Hier wird das Paradox deutlich: Die Altersgruppe von 16 bis 18 ist nahezu vollständig abhängig von politischen Entscheidungen anderer und gleichzeitig von den Fragen der politischen Zukunftsgestaltung häufig am stärksten betroffen. Wer muss den Schuldenberg abbezahlen? Wer muss den Klimawandel ausbaden? Und wer erlebt die Bildungspolitik täglich am eigenen Leib? Aussagen und Bedürfnisse der Jugend haben in der Politik dennoch kein ernsthaftes Gewicht. Am Ende zählt nur eines: das Wahlergebnis. Und darauf haben 16- und 17-Jährige in Berlin bisher leider keinen Einfluss.

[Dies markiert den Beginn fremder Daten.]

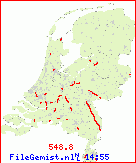 verkeerssituatie op 24-04-2026 van 14:05 tot 15:00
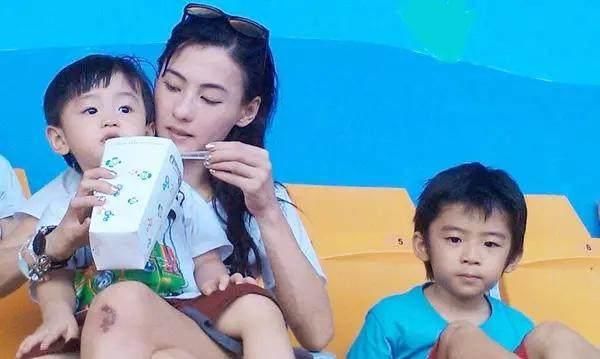 王菲挺大肚疑似怀孕?谢霆锋一句话回应,网友:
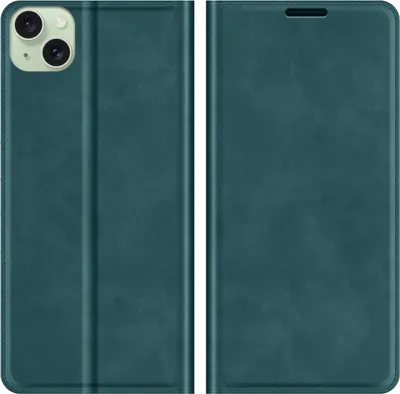 Produktbild von Hülle Apple iPhone 15 Plus Schutzhülle - Cazy - Grün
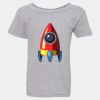 Heavy Cotton Toddler T-Shirt Thumbnail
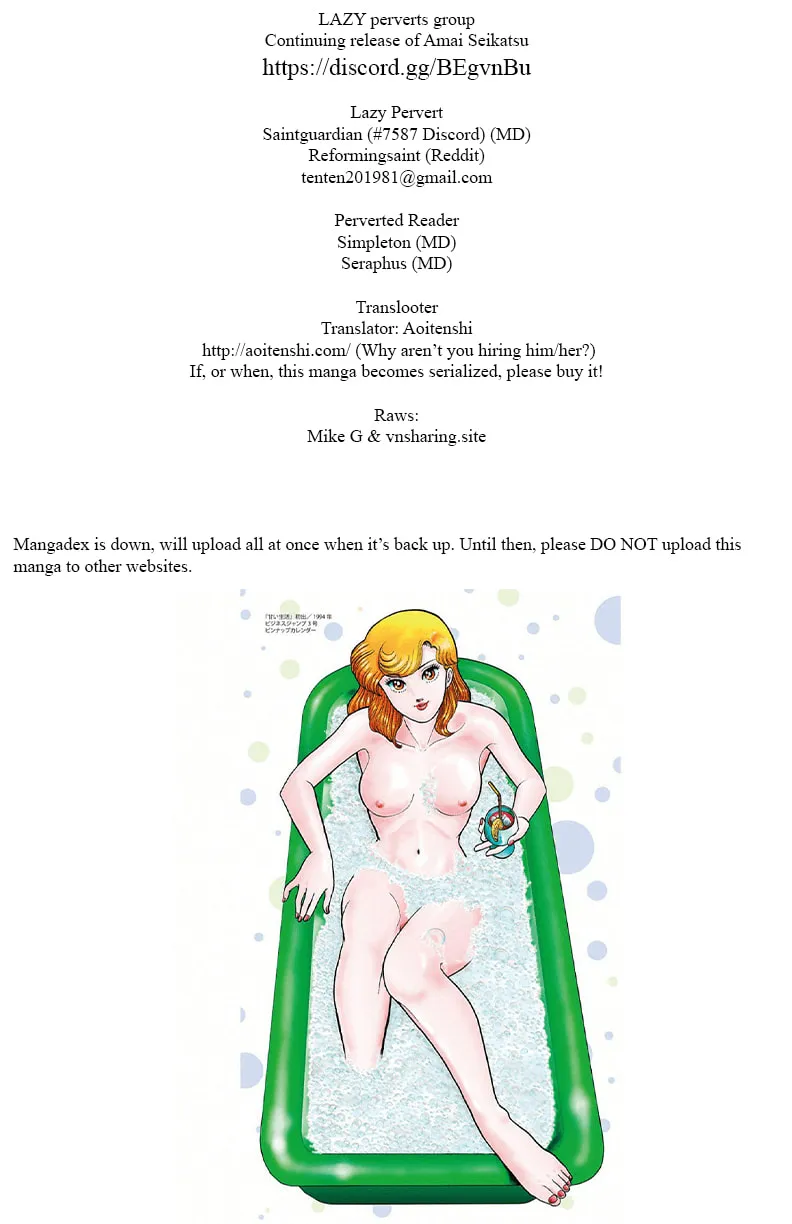 Sweet Life - Chapter 141 - Page 1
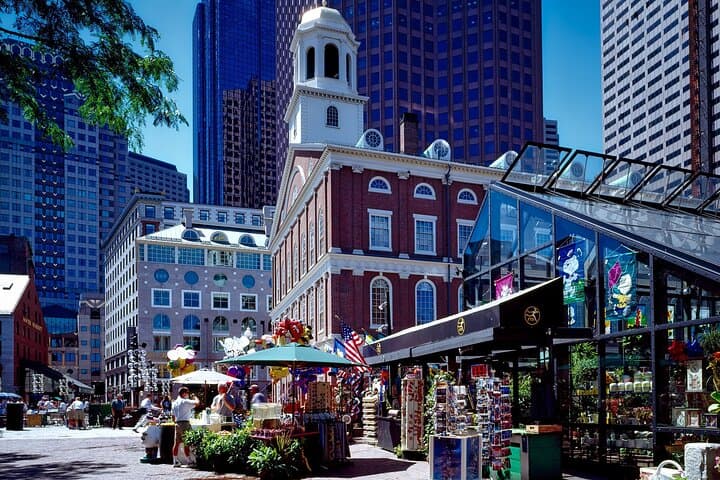 Boston Freedom Trail History & Food Walking Tour: Colonial Sites and Local Bites photo 6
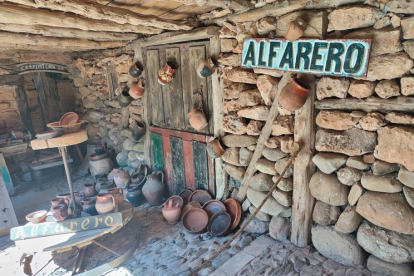 Rincón de Territorio Artlanza.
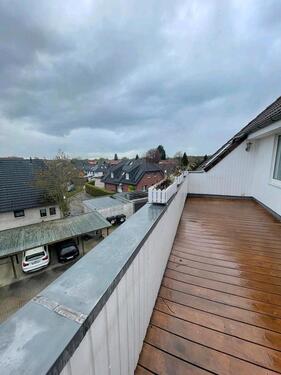 Foto - Dachgeschoßwohnung in Seelze zur Miete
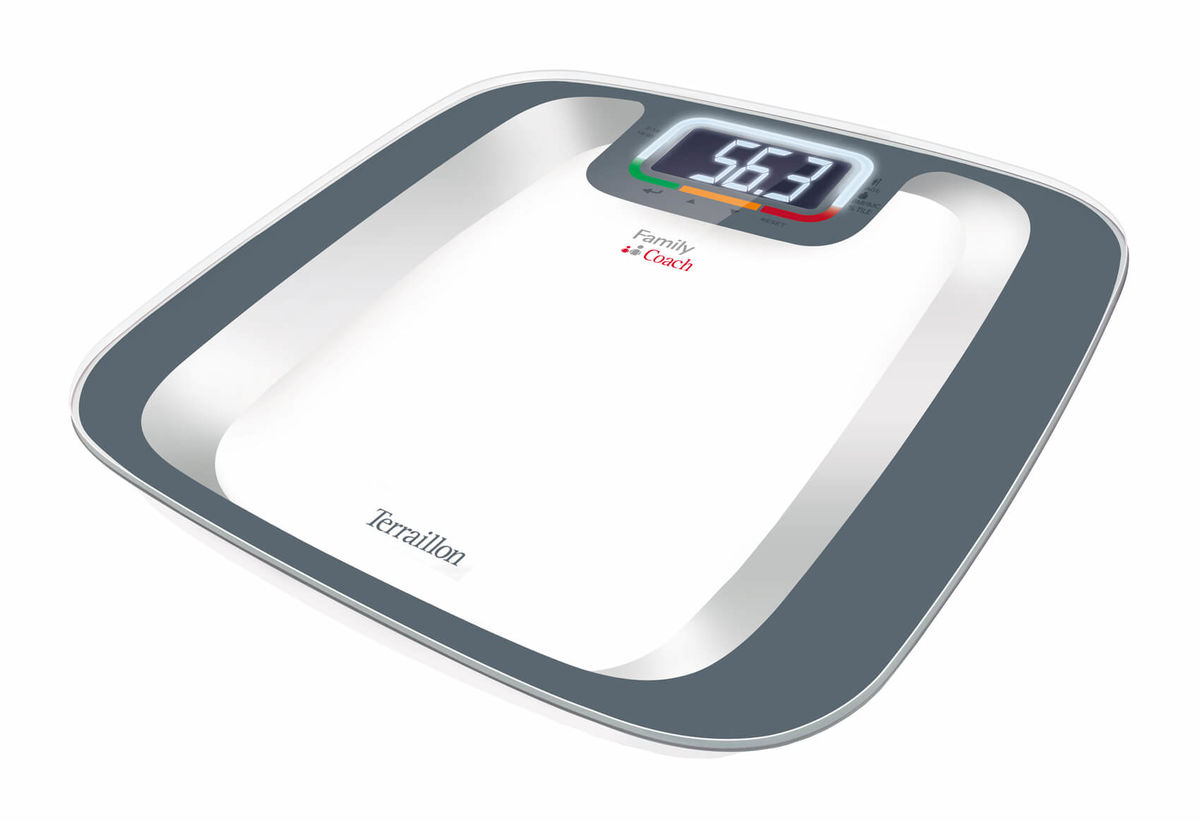 Image of Terraillon Family Coach Personenwaage bei nettoshop.ch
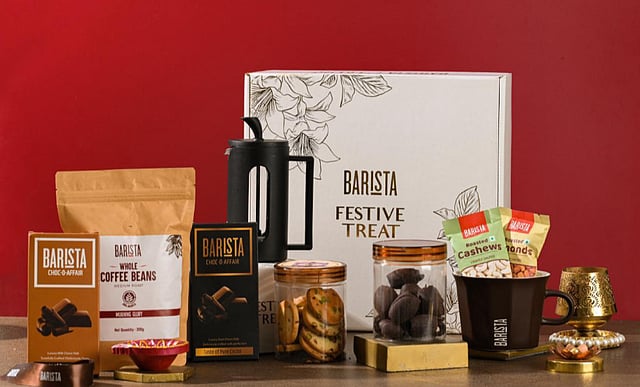 Barista Royal Diwali Hamper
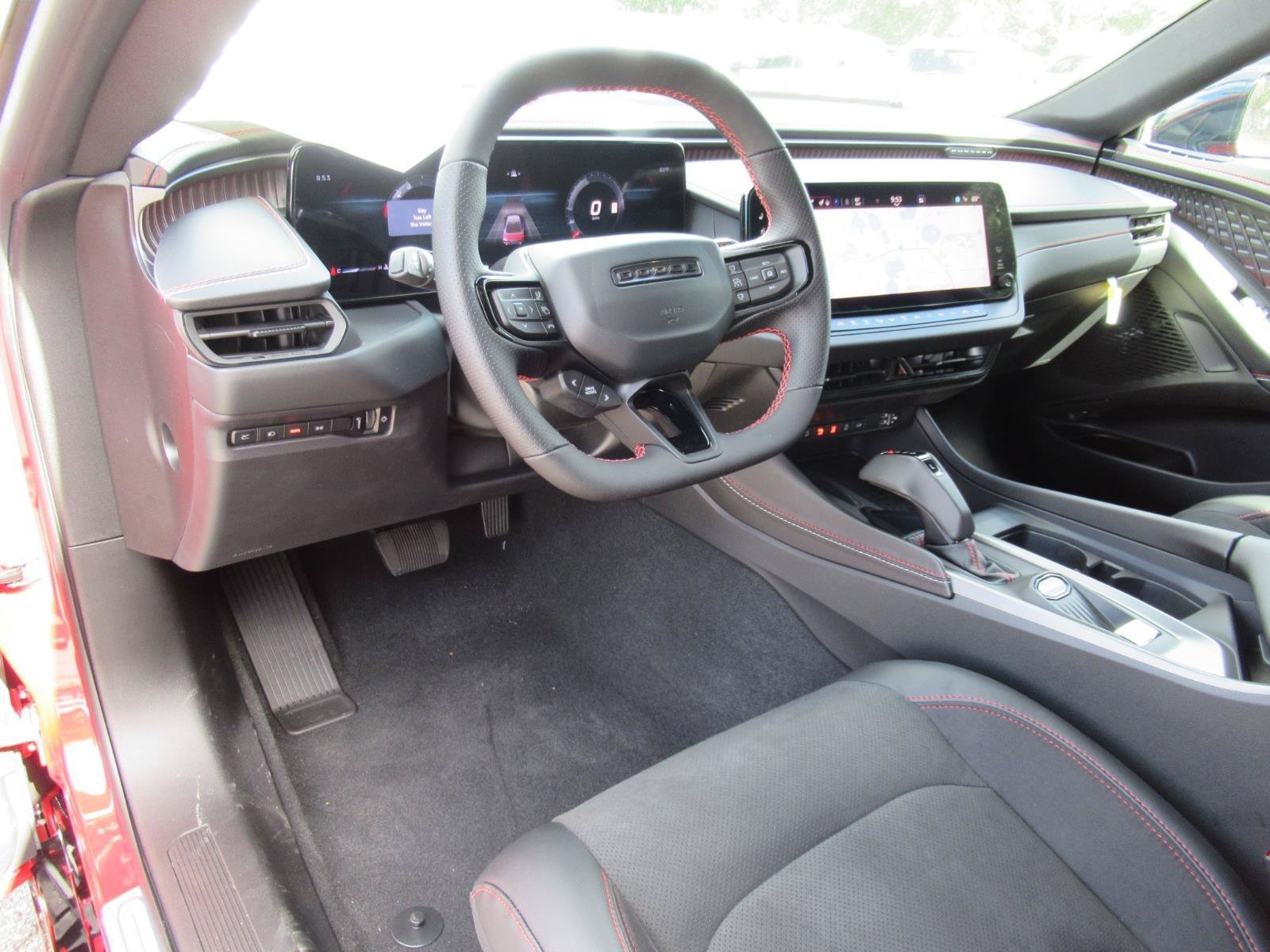 New 2026 Dodge Charger R/T AWD/4WD image 16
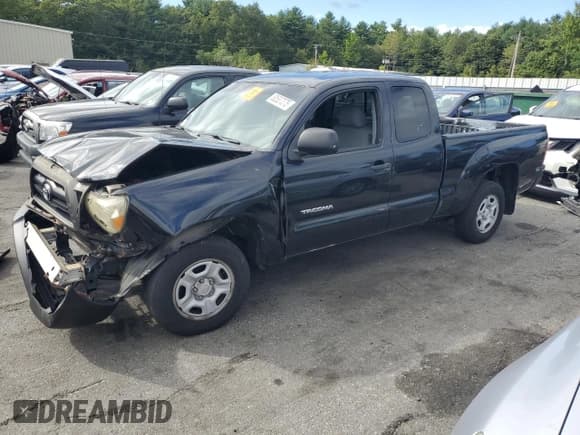 ✅ 2008 Toyota Tacoma • VIN: 5TETX22N08Z540974 • Lot: 80537275. Listed on Copart with 171,248 mi. Free auction sales archive from the USA and detailed vehicle history report at DreamBid. Image 1.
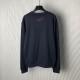 Louis Vuitton Embroidered Cotton Crewneck 1AGJXV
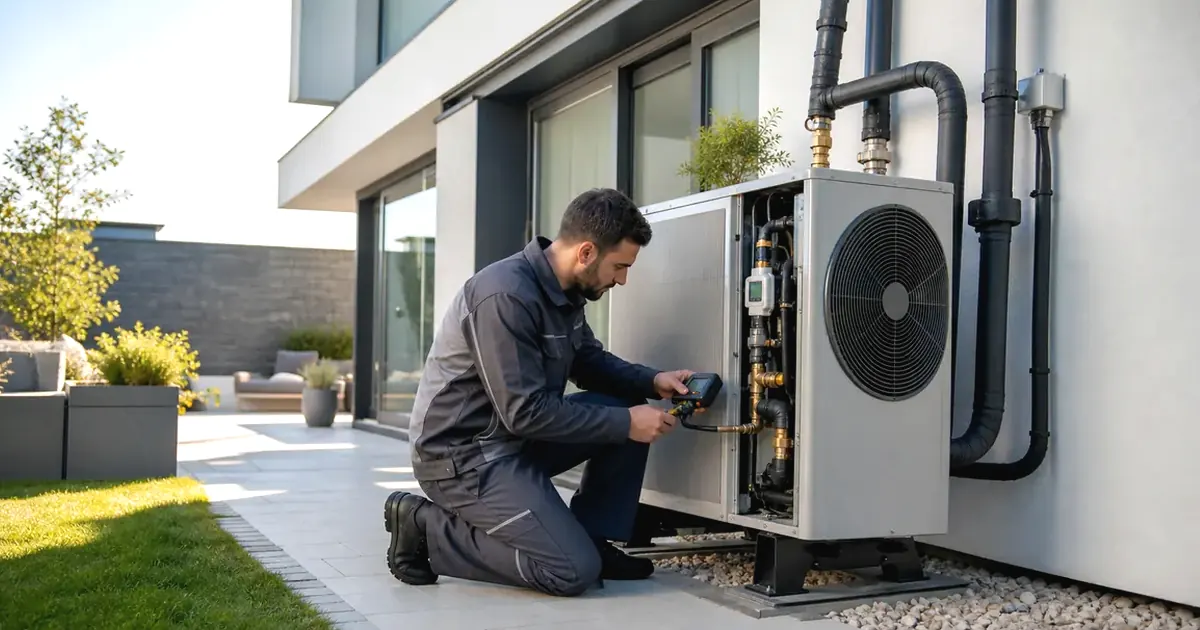Hatay Kumlu Immergas Isı Pompası Servisi Hatay Kumlu Immergas Isı Pompası Servisi servis görseli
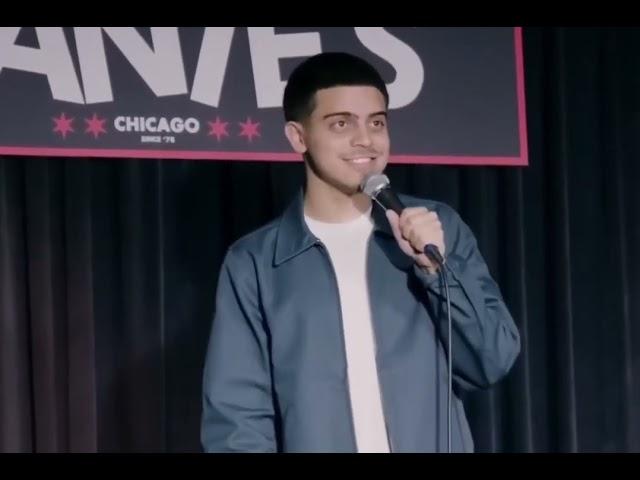 Ralph Barbosa- Best Stand-up Jokes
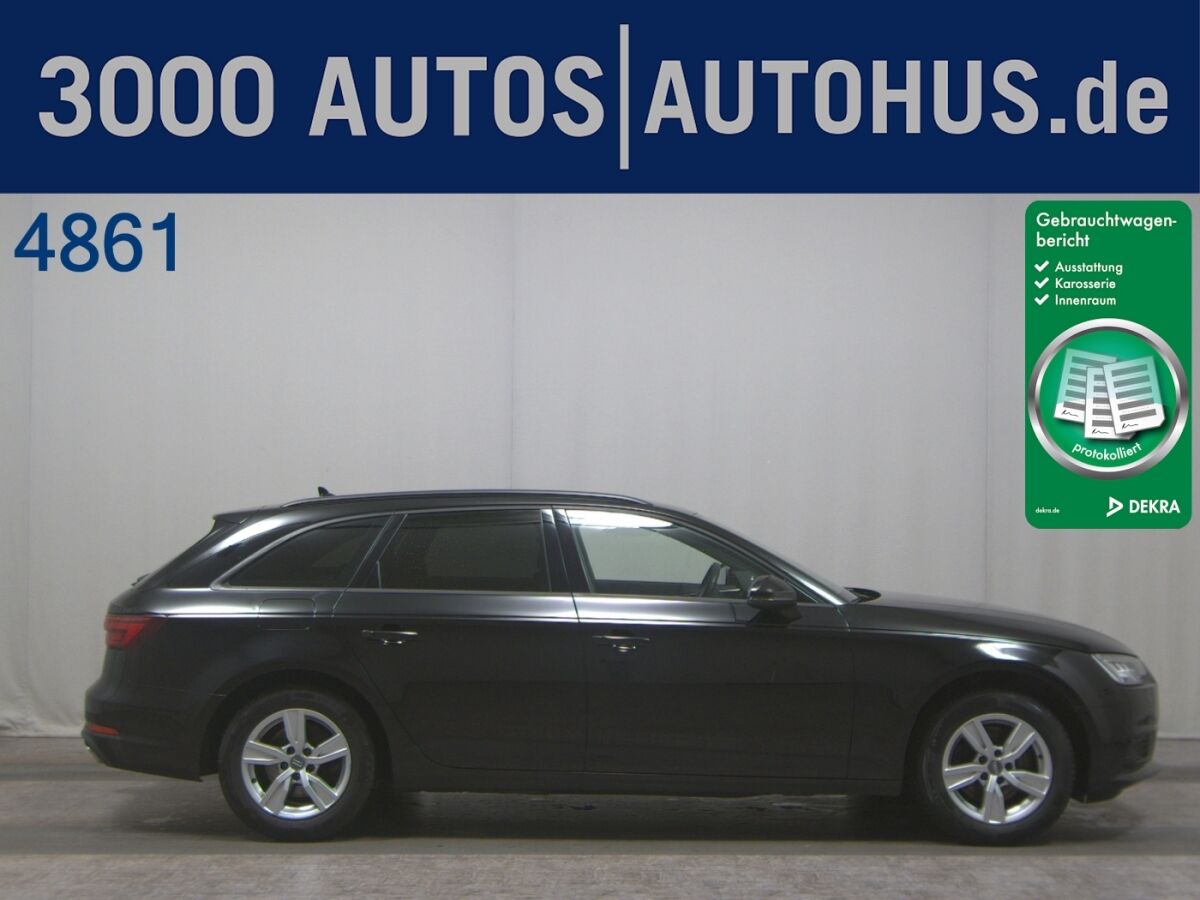 Audi A4 Avant 40 TFSI Navi Matrix vc AHK ACC PDC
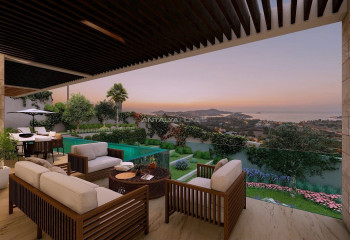 Вилла 5+1 в Бодруме, Турция | SBB-45703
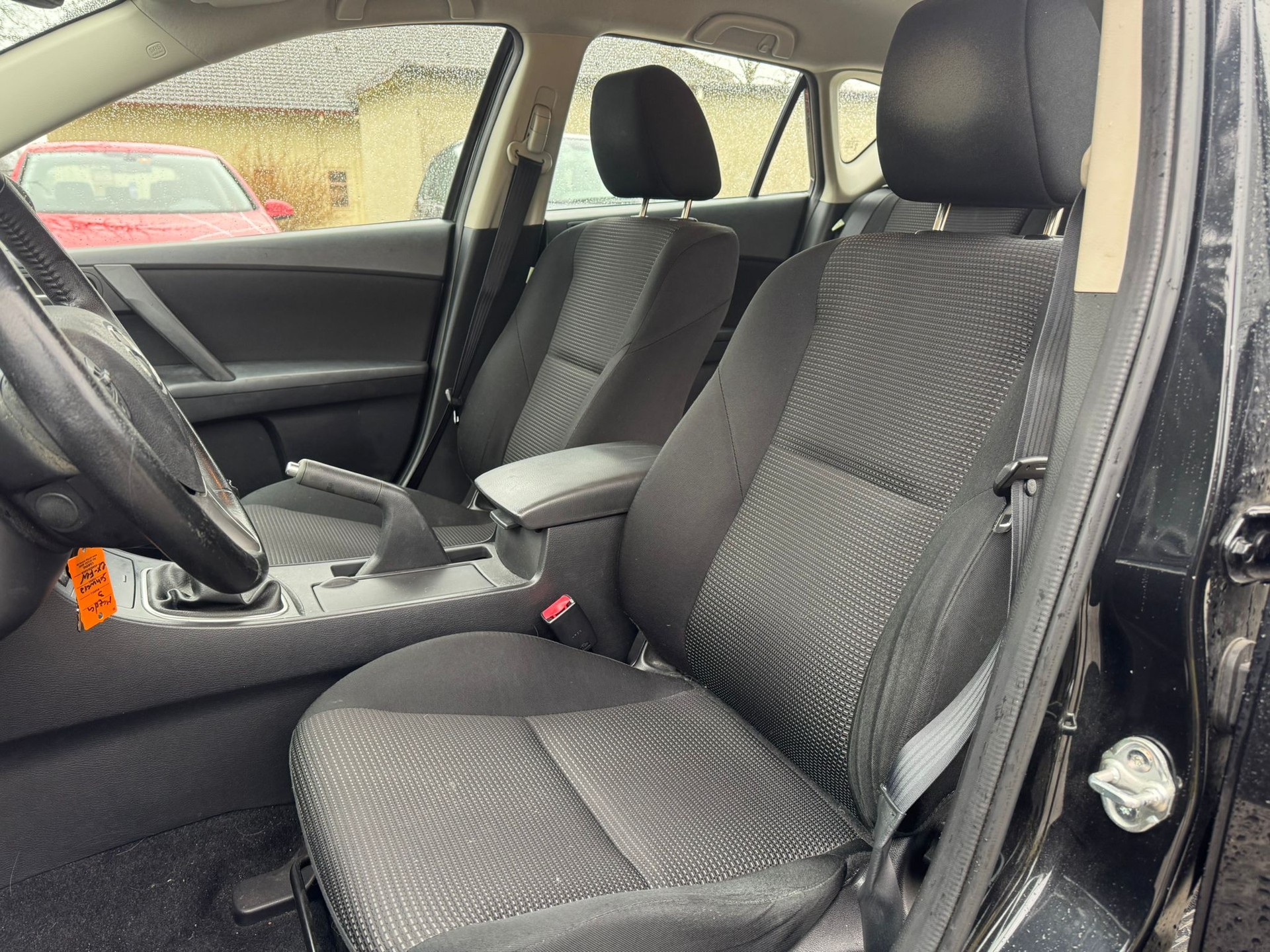 MAZDA 3 1.6 16V Confort-image-8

Wer das ändern will, muss Zutrauen haben in die Jugend von heute, die an der Welt von morgen schon heute stark interessiert ist. Das Wahlrecht ab 16 ist keine simple Lösung für die zunehmende Politikverdrossenheit, die altersunabhängig bei einigen vorherrscht. Aber es bedeutet eine Anpassung unseres Rechts an die gesellschaftliche Realität und ein Mehr an Freiheit und Verantwortung für eine Altersgruppe, die in weiten Teilen bereit ist, sich dieser Verantwortung zu stellen. Den 16- bis 18-Jährigen diese Chance zur Mitbestimmung einzuräumen, ist vielleicht auch ein Wagnis – aber vielmehr noch ein Gewinn für die Demokratie.

Clara Herrmann, 1985 in Berlin geboren, ist Jugendpolitische Sprecherin der Grünenfraktion im Berliner Abgeordnetenhaus. Sie ist Präsidiumsmitglied im Bundesausschuss der Grünen Jugend und trat 2002 in die Partei ein.